The top scorers under the new system are the Mazda 6, Mitsubishi Lancer, Toyota Avensis and Toyota iQ, each earning a five-star score. Four-star cars include the Citroen C3 Picasso and the Subaru Impreza. The difference between the two rally-bred cars is sure to spark an endless series of arm-waving fan-boy disputes, though the rest of the results are about as expected. The Avensis and iQ, though small, earned high marks, proving that the new system favors features and equipment as much as sheer structural size, and also showing that it doesn't take a lot of metal to make a safe car.

The new overall Euro NCAP rating is composed from scores achieved in four areas of assessment Adult Occupant, Child Occupant, Pedestrian Protection and a new area: Safety Assist. Safety Assist will allow Euro NCAP to consider driver assistance systems and active safety technologies, which play an increasingly important role in accident avoidance and injury mitigation.

U.S. testing, on the other hand, is often deemed somewhat behind the times. Both Euro NCAP and Australia's ANCAP testing procedures have done away with the full-width frontal impact test in favor of the offset frontal impact. Both have also added a 'pole test', which impacts the car from the side with a steel pole. In Australia, the bonus points scored by cars that fare will in this test are necessary to score five stars. A failure results in a maximum possible of four stars.

The NHTSA requires neither a unique test nor ESC, relying only on the crash data itself to justify its star ratings. For a five-star NHTSA rating, the occupants must be exposed to a 10% or less chance of serious bodily injury. Unlike the NHTSA, the IIHS performs offset impact testing, and the NHTSA recommends drivers compare both ratings to get a feel for the overall safety picture of their vehicle.

Beside adding the ESC requirement and testing seats for protection against whiplash and rear-impact collisions, the new Euro NCAP scheme does not otherwise modify the testing or scoring procedure - vehicles will still need to to well in all areas of the assessment to achieve a top result. That means that budget manufacturers - especially in the small-car market where safety is often a primary concern - will have to offer ESC in addition to a host of standard safety features, potentially raising prices for some models.

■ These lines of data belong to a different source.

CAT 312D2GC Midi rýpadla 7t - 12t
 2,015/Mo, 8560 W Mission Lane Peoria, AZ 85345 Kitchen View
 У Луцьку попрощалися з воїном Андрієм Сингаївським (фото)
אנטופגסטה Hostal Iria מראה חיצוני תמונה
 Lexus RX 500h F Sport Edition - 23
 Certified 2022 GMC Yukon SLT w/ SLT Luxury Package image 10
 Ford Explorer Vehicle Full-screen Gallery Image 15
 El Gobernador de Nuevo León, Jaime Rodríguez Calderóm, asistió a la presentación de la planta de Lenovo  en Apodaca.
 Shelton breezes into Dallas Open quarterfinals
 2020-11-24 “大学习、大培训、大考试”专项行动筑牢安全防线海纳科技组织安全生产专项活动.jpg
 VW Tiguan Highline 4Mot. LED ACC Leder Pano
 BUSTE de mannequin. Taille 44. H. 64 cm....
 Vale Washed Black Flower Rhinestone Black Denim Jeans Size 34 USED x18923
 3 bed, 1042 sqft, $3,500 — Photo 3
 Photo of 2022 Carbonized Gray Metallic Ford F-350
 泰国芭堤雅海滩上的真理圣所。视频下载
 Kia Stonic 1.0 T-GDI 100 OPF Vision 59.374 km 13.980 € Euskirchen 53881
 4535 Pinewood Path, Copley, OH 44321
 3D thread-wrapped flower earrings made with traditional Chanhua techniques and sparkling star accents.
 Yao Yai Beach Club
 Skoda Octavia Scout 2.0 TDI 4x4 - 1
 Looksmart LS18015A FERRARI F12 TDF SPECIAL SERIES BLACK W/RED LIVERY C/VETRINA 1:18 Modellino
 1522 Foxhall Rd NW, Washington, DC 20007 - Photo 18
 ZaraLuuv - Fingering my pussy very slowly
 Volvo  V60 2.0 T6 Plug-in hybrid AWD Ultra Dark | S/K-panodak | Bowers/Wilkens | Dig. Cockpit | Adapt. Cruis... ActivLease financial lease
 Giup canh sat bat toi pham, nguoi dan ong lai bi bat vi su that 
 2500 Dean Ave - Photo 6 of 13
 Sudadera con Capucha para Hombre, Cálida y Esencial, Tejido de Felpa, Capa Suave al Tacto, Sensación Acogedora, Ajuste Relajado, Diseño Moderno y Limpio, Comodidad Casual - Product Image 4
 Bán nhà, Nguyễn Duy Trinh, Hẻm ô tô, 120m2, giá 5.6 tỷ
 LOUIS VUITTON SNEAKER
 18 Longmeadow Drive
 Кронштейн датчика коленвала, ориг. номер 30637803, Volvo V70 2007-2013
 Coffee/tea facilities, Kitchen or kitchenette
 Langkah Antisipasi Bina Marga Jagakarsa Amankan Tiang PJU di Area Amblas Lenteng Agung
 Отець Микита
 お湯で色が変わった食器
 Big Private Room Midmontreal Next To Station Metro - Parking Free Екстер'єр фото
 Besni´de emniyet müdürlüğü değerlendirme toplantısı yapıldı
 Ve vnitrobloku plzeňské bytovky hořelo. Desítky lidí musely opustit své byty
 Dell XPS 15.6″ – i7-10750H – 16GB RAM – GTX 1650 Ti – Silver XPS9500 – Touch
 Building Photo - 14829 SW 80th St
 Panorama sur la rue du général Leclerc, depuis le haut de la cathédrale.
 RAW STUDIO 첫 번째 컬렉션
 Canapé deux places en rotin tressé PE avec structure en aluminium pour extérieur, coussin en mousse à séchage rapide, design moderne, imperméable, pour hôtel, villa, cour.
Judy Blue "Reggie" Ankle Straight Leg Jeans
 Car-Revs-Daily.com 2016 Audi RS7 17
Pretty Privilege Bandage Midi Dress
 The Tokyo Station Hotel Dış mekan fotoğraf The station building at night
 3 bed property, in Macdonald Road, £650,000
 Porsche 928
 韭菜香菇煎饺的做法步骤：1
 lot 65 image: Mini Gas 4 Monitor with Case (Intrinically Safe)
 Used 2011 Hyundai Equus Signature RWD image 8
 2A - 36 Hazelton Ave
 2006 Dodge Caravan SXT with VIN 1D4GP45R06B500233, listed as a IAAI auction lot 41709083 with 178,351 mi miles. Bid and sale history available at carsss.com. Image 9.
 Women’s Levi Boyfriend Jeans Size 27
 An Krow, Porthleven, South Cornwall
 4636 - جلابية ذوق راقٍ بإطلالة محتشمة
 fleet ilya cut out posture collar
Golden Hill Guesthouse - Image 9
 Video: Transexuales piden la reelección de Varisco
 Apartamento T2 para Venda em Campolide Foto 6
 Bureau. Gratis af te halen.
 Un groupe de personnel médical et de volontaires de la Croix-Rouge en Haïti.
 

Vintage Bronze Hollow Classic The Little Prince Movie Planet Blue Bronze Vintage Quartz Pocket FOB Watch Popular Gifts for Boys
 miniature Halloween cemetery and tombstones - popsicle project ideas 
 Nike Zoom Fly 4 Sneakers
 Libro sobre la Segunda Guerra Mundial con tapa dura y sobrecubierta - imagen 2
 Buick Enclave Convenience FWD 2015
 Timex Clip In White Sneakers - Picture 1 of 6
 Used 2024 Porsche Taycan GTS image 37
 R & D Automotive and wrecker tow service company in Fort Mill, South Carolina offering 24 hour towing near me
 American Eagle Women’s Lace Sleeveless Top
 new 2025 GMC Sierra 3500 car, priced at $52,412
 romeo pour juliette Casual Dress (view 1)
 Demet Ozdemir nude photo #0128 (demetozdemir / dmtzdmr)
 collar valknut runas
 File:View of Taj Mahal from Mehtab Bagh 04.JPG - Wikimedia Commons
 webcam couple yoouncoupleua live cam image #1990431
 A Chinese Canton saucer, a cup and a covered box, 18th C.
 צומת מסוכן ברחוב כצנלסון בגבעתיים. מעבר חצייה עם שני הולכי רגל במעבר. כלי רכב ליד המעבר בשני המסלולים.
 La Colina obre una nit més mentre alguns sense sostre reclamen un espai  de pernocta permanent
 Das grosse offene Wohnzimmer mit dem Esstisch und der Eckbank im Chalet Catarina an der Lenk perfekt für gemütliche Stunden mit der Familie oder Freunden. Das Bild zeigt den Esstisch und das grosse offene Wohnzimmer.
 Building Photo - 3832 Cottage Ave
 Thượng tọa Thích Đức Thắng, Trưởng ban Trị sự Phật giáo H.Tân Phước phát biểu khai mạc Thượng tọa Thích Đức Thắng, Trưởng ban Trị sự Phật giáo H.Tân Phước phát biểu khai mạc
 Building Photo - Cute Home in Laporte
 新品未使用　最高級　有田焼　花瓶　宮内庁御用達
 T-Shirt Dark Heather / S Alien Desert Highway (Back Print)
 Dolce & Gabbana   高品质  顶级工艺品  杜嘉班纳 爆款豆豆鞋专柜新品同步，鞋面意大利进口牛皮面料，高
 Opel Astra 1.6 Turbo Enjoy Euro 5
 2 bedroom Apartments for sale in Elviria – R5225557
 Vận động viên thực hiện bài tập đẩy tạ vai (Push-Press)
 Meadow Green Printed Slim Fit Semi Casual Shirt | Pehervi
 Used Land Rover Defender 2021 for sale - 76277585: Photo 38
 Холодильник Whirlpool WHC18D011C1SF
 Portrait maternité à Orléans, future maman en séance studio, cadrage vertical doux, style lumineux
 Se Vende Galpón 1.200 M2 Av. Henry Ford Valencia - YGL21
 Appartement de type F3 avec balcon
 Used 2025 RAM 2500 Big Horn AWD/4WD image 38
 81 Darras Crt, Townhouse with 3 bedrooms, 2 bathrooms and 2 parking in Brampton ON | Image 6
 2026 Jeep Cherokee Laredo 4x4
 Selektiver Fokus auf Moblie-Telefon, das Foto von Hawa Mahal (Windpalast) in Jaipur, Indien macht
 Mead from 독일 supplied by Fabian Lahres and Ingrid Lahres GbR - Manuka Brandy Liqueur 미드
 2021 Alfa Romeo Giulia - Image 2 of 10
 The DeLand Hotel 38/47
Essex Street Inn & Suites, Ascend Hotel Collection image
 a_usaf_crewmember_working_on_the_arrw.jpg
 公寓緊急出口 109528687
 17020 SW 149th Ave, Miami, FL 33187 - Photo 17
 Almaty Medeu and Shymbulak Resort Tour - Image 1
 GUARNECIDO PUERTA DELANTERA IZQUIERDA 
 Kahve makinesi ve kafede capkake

“There is no doubt that this new overall rating will provide clear challenges to industry, but at the same time it will create opportunities for manufacturers to be rewarded for their dedication to safety. Euro NCAP needs to continually evolve with innovation and ensure that consumers can be confident that the rating remains updated and a true reflection of the safety performance of their vehicles,” said Dr. Michiel Van Ratingen, Secretary-General of Euro NCAP.